SAN DIEGO, Calif. - Mutual fund companies are being compelled to give investors more information than they want or need and requirements could become more onerous, according to industry executives and some regulators.

Executives and regulators aired their views at the Investment Company Institute's tax and accounting conference here last week.

The ICI and the Securities and Exchange Commission are currently reviewing, and leaning towards opposing, a proposed law that would require funds to disclose to investors, twice a year, how much they would pay in taxes if they were to sell their shares. The bill, the Mutual Fund Tax Awareness Act of 1999, introduced March 1 by Rep. Paul Gillmore (R-Ohio), would also require companies to disclose the effect of taxes incurred through portfolio turnover, on returns. Currently, funds are not required to make any disclosures in this regard.

Conference speakers said they could see merit to reporting after-tax consequences of holdings turnover on a portfolio. However, the speakers saw more problems than benefits in disclosing to investors how much they would pay in taxes if they were to sell shares.

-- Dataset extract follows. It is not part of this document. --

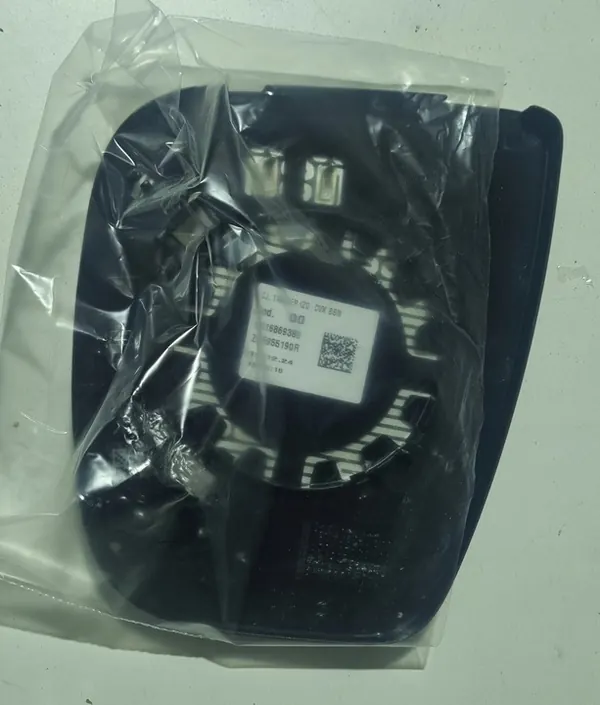 Vasen Ulkopeilin Lasi Opel Zafira image 2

Reporting shareholders' mutual fund taxes cannot be standardized because of different federal tax brackets, said Susan Nash, senior assistant director of the SEC's division of investment management. And, even if a calculation could be made, it could not include state taxes because each state has its own tax structure, she said.

"It's hard to prescribe a standardized method and one that's understandable for the investor," she said. Given these difficulties, the SEC is questioning whether an after-tax return number is so hard to pin down that it would be meaningless, she said.

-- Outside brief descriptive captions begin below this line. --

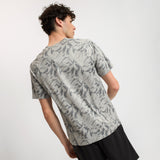 MILAN PREMATCH 2025/26 GREY T-SHIRT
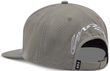 Energy Adjustable Hat Steel Grey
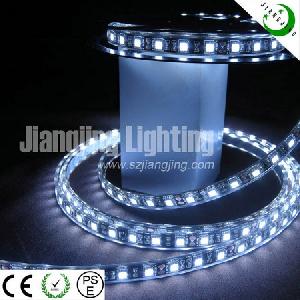 Dc12v / 24v White 5050 Waterproof Led Strip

More importantly, after-tax return figures would mislead investors whose money is in tax-deferred defined contribution accounts or in annuity funds, she said.

The SEC is currently not scheduled to review the bill but plans to do so after it has addressed corporate governance, Nash said.

"Rep. Gillmore's bill is based on a bad premise because there is no one right way to do this, no correct methodology," said Robert Zack, senior vice president and associate general counsel of OppenheimerFunds of New York. "This action is also fraught with folly because taxes change greatly from year to year . . . and why single out the mutual fund industry and not the banking, brokerage or advisory industries? If Congress singles us out, it leaves us at a distinct competitive disadvantage."

"No [tax-impact] methodology has been developed yet," David Jones, vice president of Fidelity Management and Research Company of Boston. "This is all still new." Fidelity provides after-tax information only for a few tax-efficient funds that it sells and in those cases, always uses the highest federal tax rate of 39.6 percent in making the calculations, he said.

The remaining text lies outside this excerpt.